Alors que les années 70 furent pour lui une période foisonnante par sa fécondité (9 albums sans compter les collaborations diverses avec les Cosmic Jokers et le Tarot de Walter Wegmüller), la décennie suivante ouvre en revanche pour Manuel Göttsching une phase de productivité en berne. Ainsi E2-E4, bien qu’enregistré en 1981 est publié quatre ans après Belle Alliance (1980) alors que cinq années seront nécessaires à l’élaboration de ce Walkin’ The Desert qui voit le maître reformer Ashra. Et depuis, même si les sorties portant le sceau du guitariste se révèlent nombreuses, on y dénombre surtout beaucoup de lives, compilations et autres exhumations d’enregistrements inédits (Dream & Desire, Early Water…), ce qui ne retire rien à leurs qualités et à leur intérêt, bien au contraire.

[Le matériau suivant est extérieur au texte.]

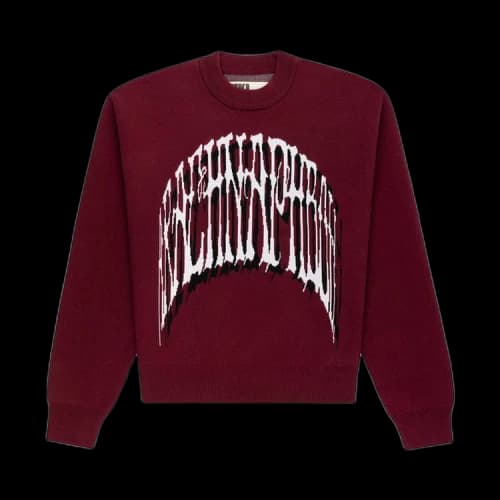 Sp5der Arachnaphobia Sweater 'Burgundy'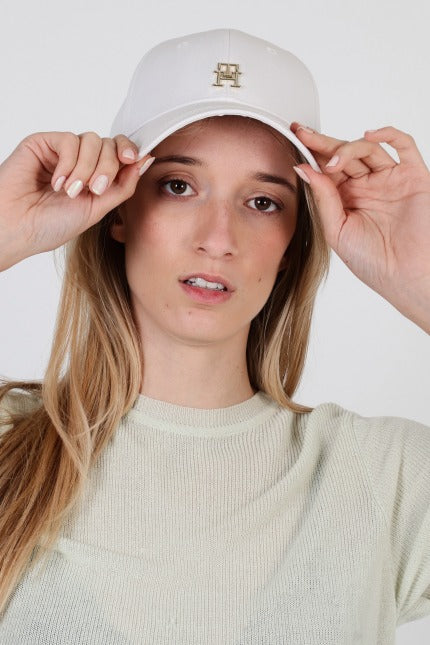 TOMMY HILFIGER ICONIC PREP CAP en color BLANCO  (4)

Capturé à Berlin entre 1988 et 1989, le très beau Walkin’ The Desert témoigne du niveau acquis par Göttsching en terme de maîtrise des machines et des samples, ce que E2-E4 démontrait déjà. Cet opus, qui lui permet de rejouer en outre avec Lutz Ulbrich (ex Agitation Free), a quelque chose d’un voyage hypnotique, aérien et envoûtant où les guitares restent en définitive fort discrètes, sauf bien entendu durant le cristallin et bien nommé "Four Guitars" qui offre aux deux compères la possibilité de dialoguer de la plus belle des manières et sur le terminal "Dessert".
Baignant dans un climat étrange aux effluves orientalisantes évidentes, ces cinq mouvements restent sans doute ce que l’Allemand a composé de plus pur. De plus fin et racé également. Le lancinant "Two Keyboards" navigue dans des eaux paisibles et claires bien qu’une mélancolie sourde affleure à la surface, symphonie pour claviers d’une beauté intense. A la limite de l’ambiant, l’atmosphérique "Six Voices" se pare d’ambiances fantomatiques et désespérées avant de s’envoler vers des contrées mystérieuses. Mais la pièce maîtresse de Walkin’ The Desert, celle qui justifie à elle seul son acquisition, demeure sans doute aucun le gigantesque "Twelve Samples", au souffle arabisant divin. Comment ne pas être emporté par ce tourbillon de sonorités qui semblent provenir de l’immensité des déserts africains ? Il suffit de fermer les yeux pour imaginer les caravanes sillonnant ces vastes étendues arides. Superbe.
Après plusieurs années d’absence discographique (il a par contre continué à offrir des concerts durant cette période), Manuel Göttsching nous fait donc de nouveau parvenir une carte postale de son périple artistique. Vu la qualité de celle-ci, nous ne pouvons que nous réjouir de cette fertilité retrouvée.